Garden Clippings for October 21, 2023

A decade ago, there were a lot of climate change deniers.  Today, those who think climate change is a hoax are few and far between.

A decade ago, the jury was out on whether or not you should leave the leaves in the garden through winter.  Today the case is closed.

Perhaps I should fess up.  Although I should know better, in a few weeks Cheryl and I will clean up the garden as usual.  We’ll pull out the faded perennials, rake up the fallen leaves, clean up the annual flowers and toss it all in a compost heap in the back forty.

But before the tree huggers hang me out to dry, we do have a back forty that is left to grow as grassland.  I’ve already planted 20 native trees in the meadow, and this fall I hope to plant 18 more.

I am lucky to have a yard that is 800 feet deep.  The front half of the yard is home to driveway, turf, the house, the backyard, a garage, and a landscape that you might expect from a Landscape Architect.

The back half of the lot is left alone, just the way it was when we moved in.  I am not entirely happy with its development, because the invasive weeds, mostly Knapweed, are thriving at the expense of more Milkweed and desirable native wildflowers that I hope to introduce.  Pulling out the Knapweed is an exercise in futility.  I can only hope that eventually the newly planted trees will give enough shade to beat the weeds.

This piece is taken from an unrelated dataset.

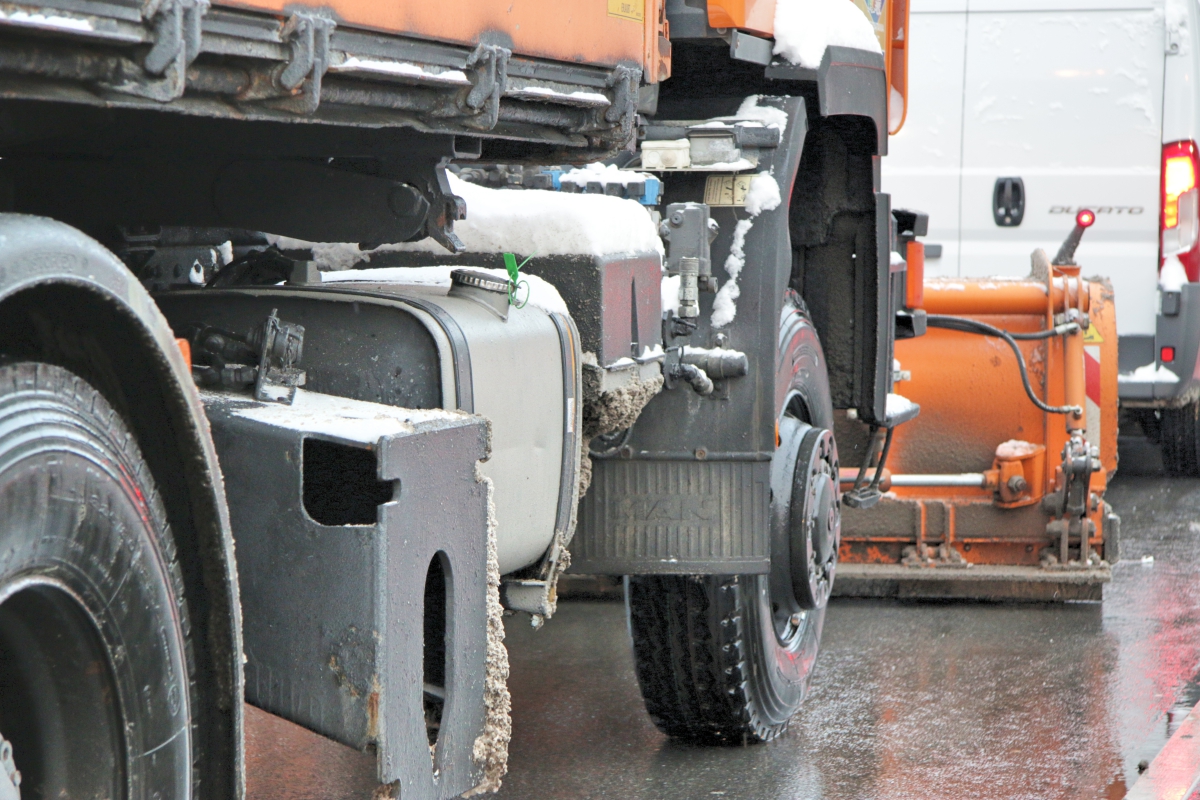 zima w mieście, odśnieżanie, pług, solarka - Radio Merkury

On both sides of the meadow along the property lines we keep the grass cut low, to give us a tick-free access path to the back of the yard.  The well-maintained perimeter also serves to prevent the weeds and meadow from invading the neighbours’ yards.

No doubt, our back forty is a haven for birds, mice, butterflies, squirrels, bees and more, although I expect the landscaped areas near the house bring in much more wildlife because of the increased diversity of plants of all kinds.  The water garden is a draw for countless birds, especially Finch.

Although I am often tempted to clean it up, Cheryl and I will leave the grassland back forty as is, largely uninterrupted.  Fallen leaves won’t be cleaned up, and the dead perennial weeds will eventually decompose as happens on the forest floor.

The benefits of leaving leaves, weeds and organic debris on the ground are plentiful.  Leaving it in place will help protect plants and suppress weeds.  Our nutrient poor soil will eventually be replenished with years of organic matter accumulation.

Fallen dead leaves are a necessary home for butterfly larvae, worms, microbes and overwintering insects.  Perennial plants with their dried-up flower heads are a source of food for insects and small animals.  No doubt, pollinators prefer our messy back forty to our neat and tidy front garden.

It will always be a challenge to introduce native plants into a non-native environment.  Case in point is the Laura Santina Braun naturalization plot at the Goodwill corner of Wellington St and Murphy Rd.  For understandable reasons the garden has been cleared and has now been returned to grass.

Most homeowners who live in urban areas are not ready to let their yards go wild.  Yet, little by little, we can take steps to add plants to improve biodiversity.